I told him why I was there, how I just lay in my hide, waiting for the Paveway to come down on Mladic. ‘I felt a lot of guilt for not calling it in sooner. I was haunted by the thought I could have stopped the killing. Lately, I’ve even been thinking that talking to you about it might help me. You were there, maybe you would have understood.’

Nuhanovic’s face was set in a frown. ‘Mladic?’ He nodded to himself, as if working out the answer to his own question. ‘Mladic . . . but they let him escape.’

I didn’t want to talk about fucking Mladic. ‘Someone explained to me I don’t need forgiveness. I did what I thought was right at the time . . .’

Nuhanovic stared deeply at me, his lips pursed. ‘I agree with your friend. He is very wise.’ Then he added, without a flicker of a smile, ‘He is obviously not a Serb.’

I lifted a glass of orange juice to my mouth and took a sip. Time to up the ante. ‘I’m confused about something, too. Why were all the girls kept behind after everyone else had left? And why were a few of those kept by Mladic after you yourself had gone? Did you know about that?’

‘Of course I did.’ He seemed angry, but with what or whom I couldn’t work out. ‘The argument with Mladic was because he wanted me to pay the agreed price for the young women, yet keep some back for his men. We were arguing about cost, not lives. He is an animal. And yet he was allowed to live.’

‘You bought the girls off Mladic?’

‘The attack on you last night was not about ideology, just money. The Serbs are competitors in the market we both service.’
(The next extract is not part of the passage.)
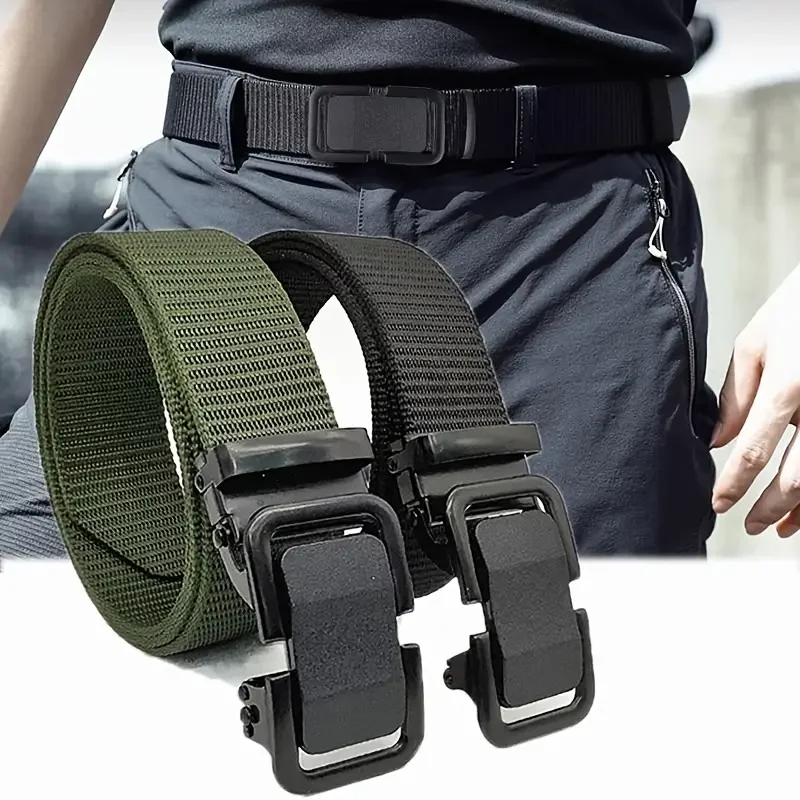 Men's Belt Automatic Metal Buckle Nylon Canvas Webbing Belt Outdoor Work Belt, Nylon Belt With Click Buckle 1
‘Those girls were business?’

‘I make no apology for that. What you saw wasn’t just about buying those young women, it was also about saving the others. Their mothers, their brothers. That had always been part of every deal. The high prices I paid the Serbs reflected that. Does that disgust you?’

’Surprises me.’

‘Some find what will soon be my past a little . . . unsavoury. But I have saved many lives, including the very ones you could have saved. Mladic and his aggressors murdered many thousands. Five thousand at Srebrenica alone. Now, that disgusts me, Nick.

‘And yet the West chose not to kill Mladic that day. They still seem happy for him to be at large. Why would that be, I wonder? I have told them where he is. He’s in a monastery in Montenegro. But where are the bombs? Where are your special forces?’

I wanted to deflect his anger. We needed to stay best mates if Jerry and I were going to walk out of here. ‘Jerry, you tell him.’

Jerry lowered the camera and explained about the international court. ‘Simple as that. Looks like they decided to preserve a few big names to stick in the dock after the war.’ He ripped the cellophane off camera two and waited for its flash to get up to speed.

Nuhanovic looked ready to explode. ‘The criminals like Mladic and Karadic are still out there, yet I, not a murderer, am the target of so much hostility from the West . . . so much that I now have to move country to continue my work.’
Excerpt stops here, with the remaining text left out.